Only an exact copy belongs in the answer: the line with "A pair of Japanese" and every line after it through the end of the records, pictures left out.
------------------------
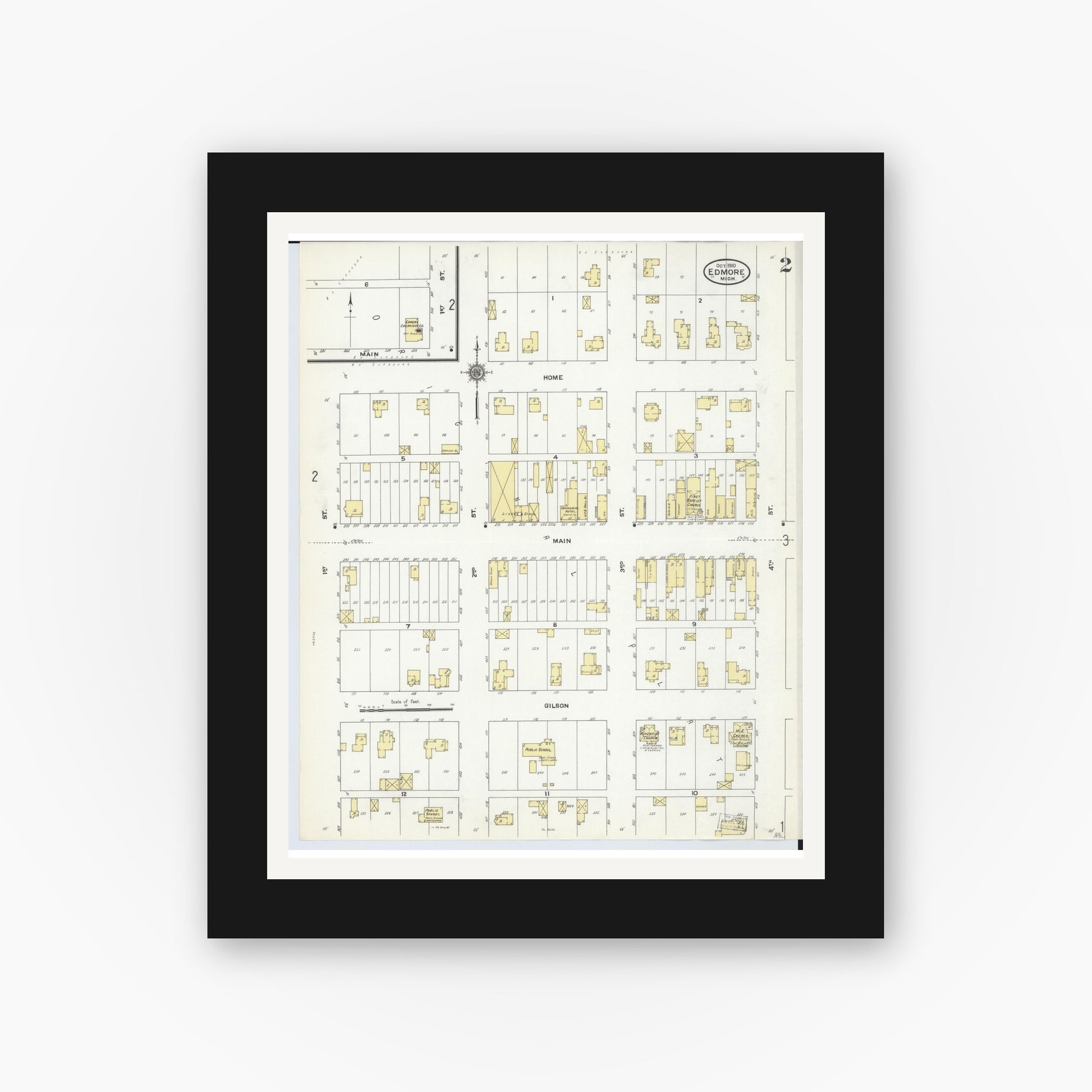 Old map wall art mockup — black gallery frame with white mat — Sanborn Fire Insurance Map from Edmore, Montcalm County, Michigan (1910), Sheet #0002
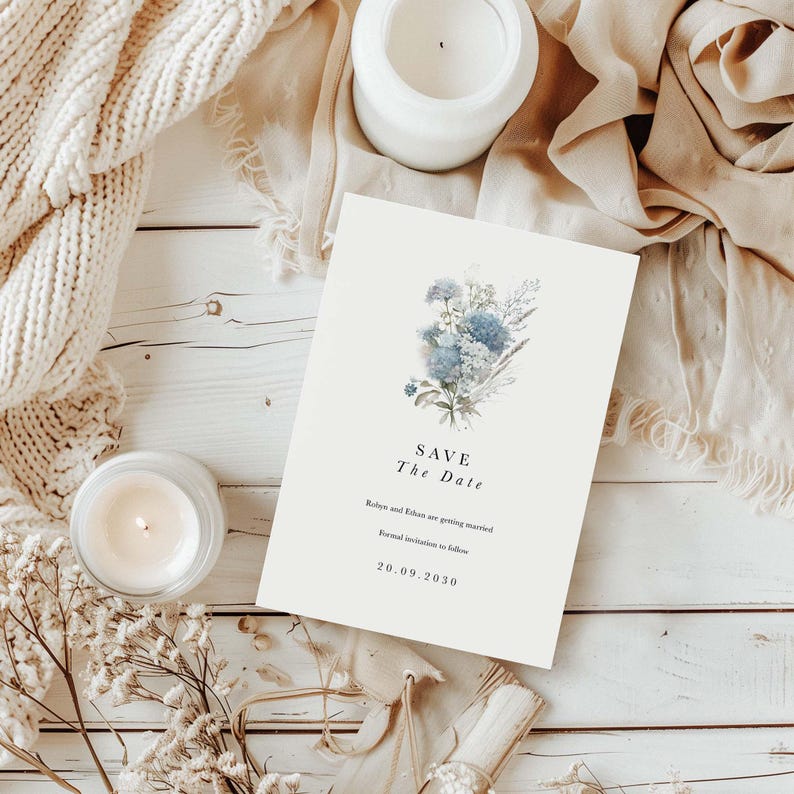 May include: A rectangular Save the Date card featuring a blue floral illustration, with the text: Save The Date, Robyn and Ethan are getting married, Formal invitation to follow, 20.09.2030. The card is printed on off-white paper with black text.
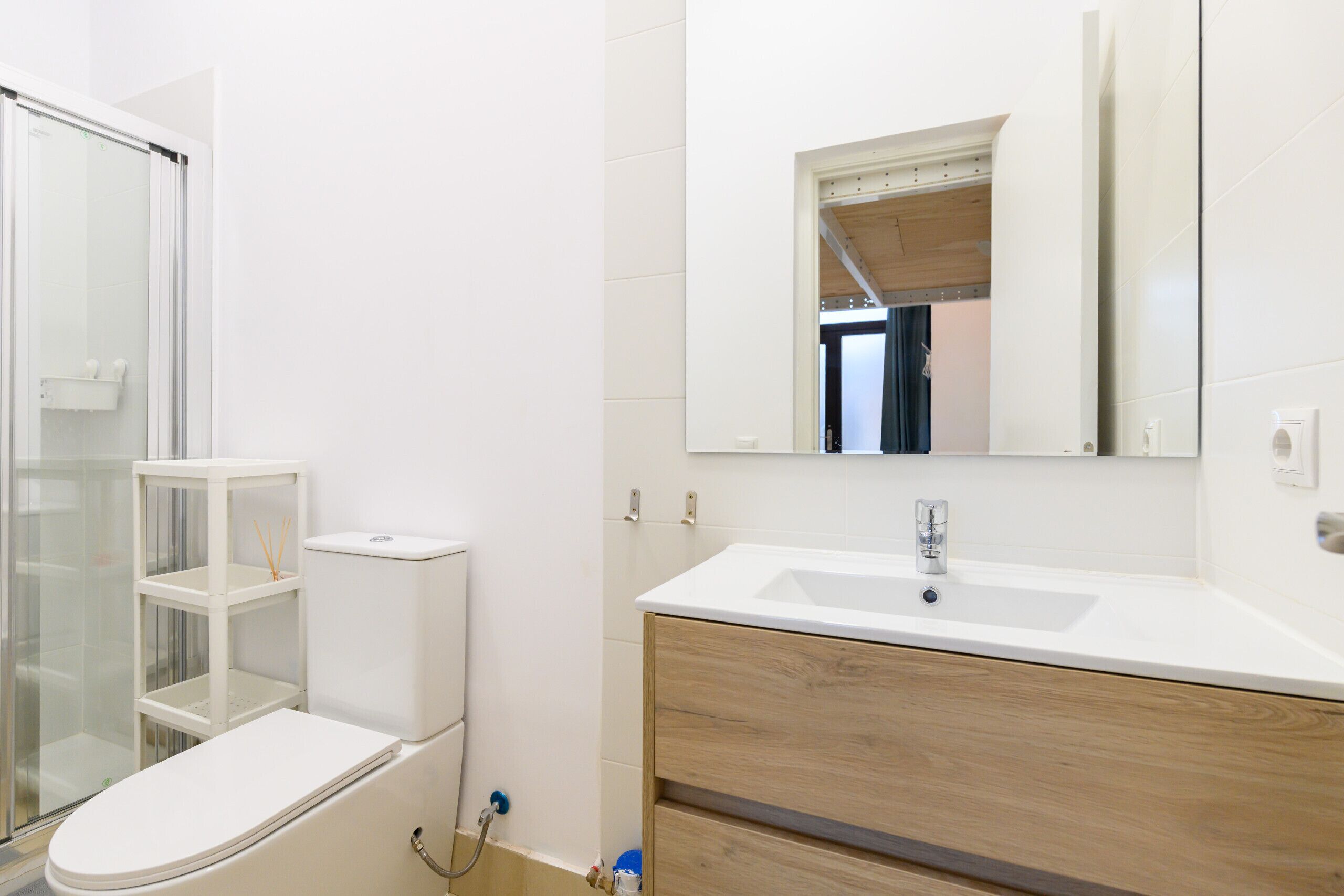 Un baño moderno con inodoro, ducha, tocador y espejo.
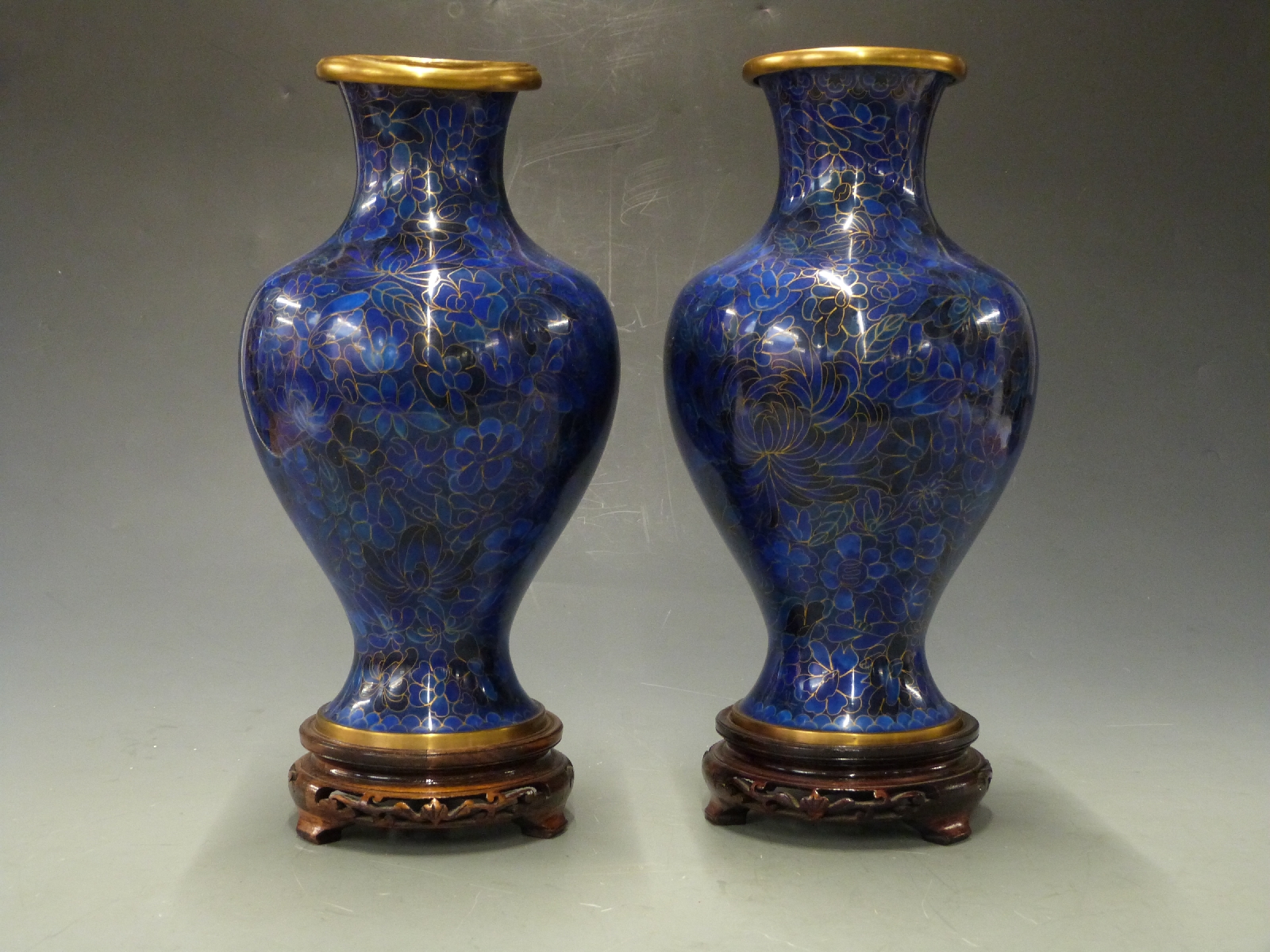 A pair of Japanese cloisonné vases on hardwood stands, 34cm tall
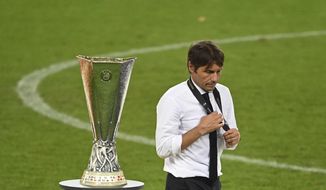 Inter Milan&#39;s head coach Antonio Conte walks past the trophy after the Europa League final soccer match between Sevilla and Inter Milan in Cologne, Germany, Friday, Aug. 21, 2020. (Ina Fassbender/Pool via AP)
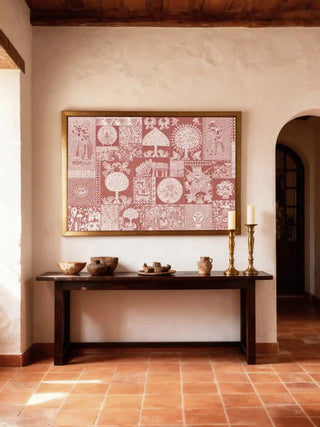 Geet Madhubani wall art in terracotta and white, framed in antique gold above a dark wood console with earthen bowls and brass candlesticks in a terracotta-tiled foyer.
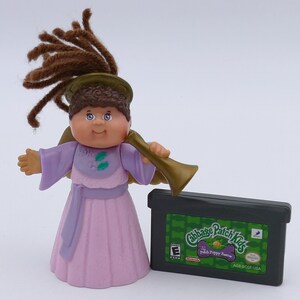 Puede incluir: Una figura de ángel de Cabbage Patch Kids con un vestido lavanda y una trompeta dorada, junto a un cartucho de videojuego Cabbage Patch Kids: The Patch Puppy Rescue. La figura tiene cabello de hilo marrón y una cara sonriente.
------------------------
Written reply:
 A pair of Japanese cloisonné vases on hardwood stands, 34cm tall
 Inter Milan&#39;s head coach Antonio Conte walks past the trophy after the Europa League final soccer match between Sevilla and Inter Milan in Cologne, Germany, Friday, Aug. 21, 2020. (Ina Fassbender/Pool via AP)
 Geet Madhubani wall art in terracotta and white, framed in antique gold above a dark wood console with earthen bowls and brass candlesticks in a terracotta-tiled foyer.
 Puede incluir: Una figura de ángel de Cabbage Patch Kids con un vestido lavanda y una trompeta dorada, junto a un cartucho de videojuego Cabbage Patch Kids: The Patch Puppy Rescue. La figura tiene cabello de hilo marrón y una cara sonriente.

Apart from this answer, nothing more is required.